Somehow I find myself subscribed to a whole mess of newsletters and mailing lists on the internet.  I usually just delete, but lately I've been taking the time to unsubscribe.  This morning, when I clicked on the link to unsubscribe from JCrew's mailing list, I was redirected to a website, presumably their last chance to make me change my mind.  I could have screamed.  Waiting for me at this pivotal moment, when I am supposed to decide if I really want to banish their e-mails from my inbox, was this image:


This emaciated, sickeningly thin model, with sunken eyes and arms so frail they couldn't be trusted to life a Le Creuset from the oven (wait, that sounded sexist. They couldn't be trusted to life, well, just about anything.) is supposed to convince me that I need JCrew in my life.  She's also supposed to convince me, I suppose, that the fact that I do not practice self-starvation makes me less desirable.  A condition JCrew just might be able to ameliorate, if only I would take them back.  

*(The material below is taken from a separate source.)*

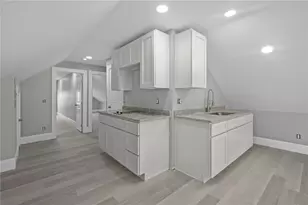 154 Oxford St, Providence, RI 02905 - Photo 30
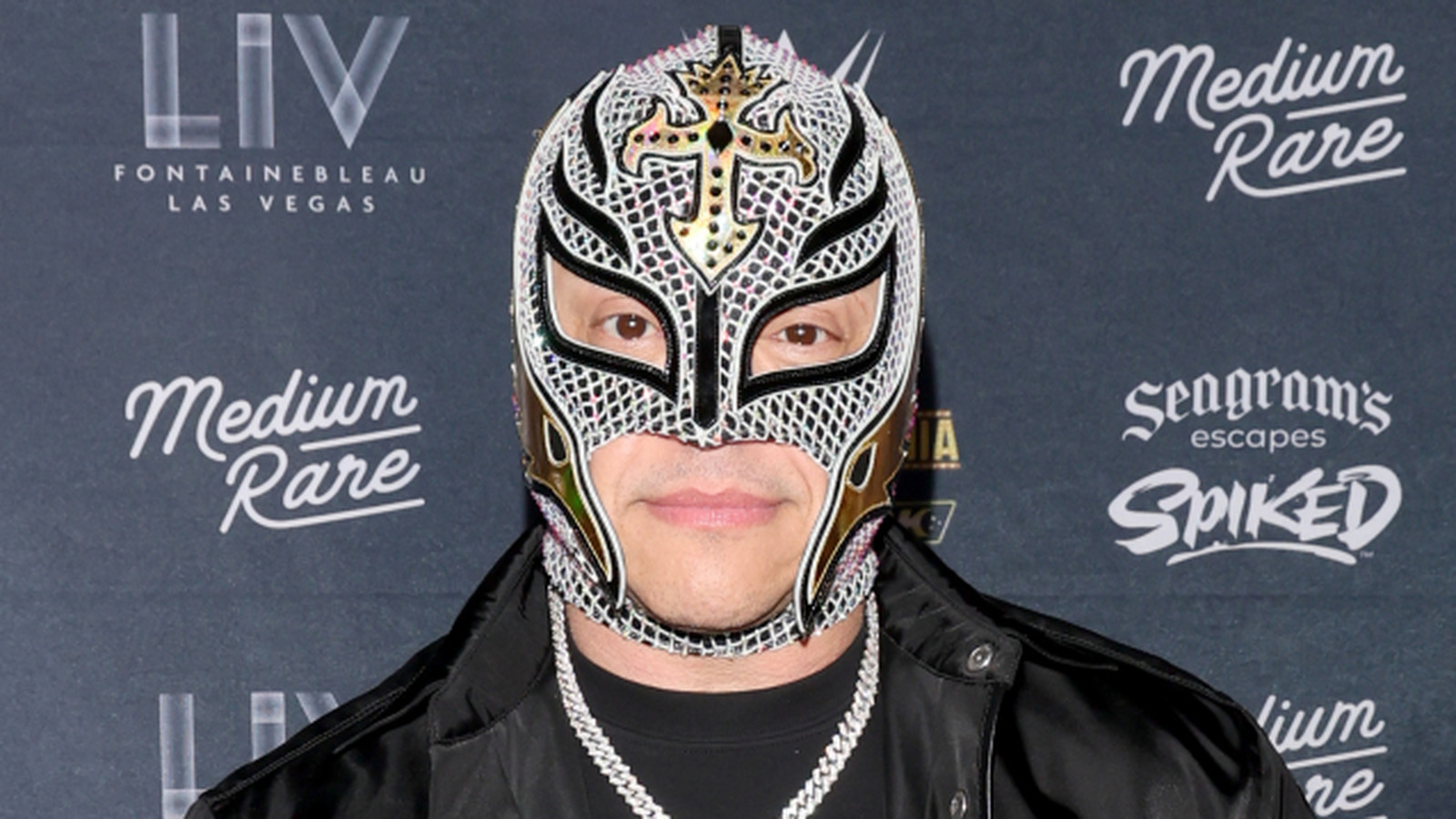https://www.wrestlinginc.com/img/gallery/rey-mysterio-strongly-opposed-his-unmasking-in-wcw-but-had-bigger-concerns/l-intro-1745854188.jpg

My stomach turns just looking at her razor-sharp collar bones and rubber band-sized wrists.  I want to grab her, sit her down at my kitchen table, and, well, feed the crap out of her.  I want to tell her that her body, and presumably her spirit, would be better served if she took care of them with an eye toward her own well-being rather than punishing herself for the sake of advanced capitalism's insistence on her own objecthood.  I've always had a sneaking suspicion that our society's obsession with the sickly woman as object of desire (as that's how I'd describe her) has a whole lot to do with punishment.  With putting a women in her place by depicting all women as something less than human.  With forcing the burden of guilt on her if she dares to give in to her own desires, rather than literally starving her body into submission for the desiring gaze of others.  I can think of few things more repulsively violent.

And for some strange, inexplicable reason, JCrew is trying to shove this guilt down its unsubscribers' throats.  JCrew feels the need to align themselves with this kind of damaging imagery, proving that we just have not come all that far.

So to JCrew and all others of its ilk: yes, I want you out of my inbox.  In fact, I want you out of my magazines, off of my television, away from my billboards, extricated from my subway ads.  I want to see real women who refuse to punish their own bodies, who are capable of individuality, health, independent thought, and enjoying a nice plate of food.

Comments

Dana Treat said…
I really appreciate you posting this. My husband doesn't understand why I have a hard time being happy with my size 4 body - I'll just show him an image like this one so he can understand! We are constantly bombarded by women who look like this - even though there are so very few of them. Actually there are many of them, but they are actually starving instead of starving themselves.

Thanks for keeping it real!
Anonymous said…
You need to find a recipe that is relevant to your rant.

Perhaps, chocolate glazed pork rinds with a butter milk tart filling?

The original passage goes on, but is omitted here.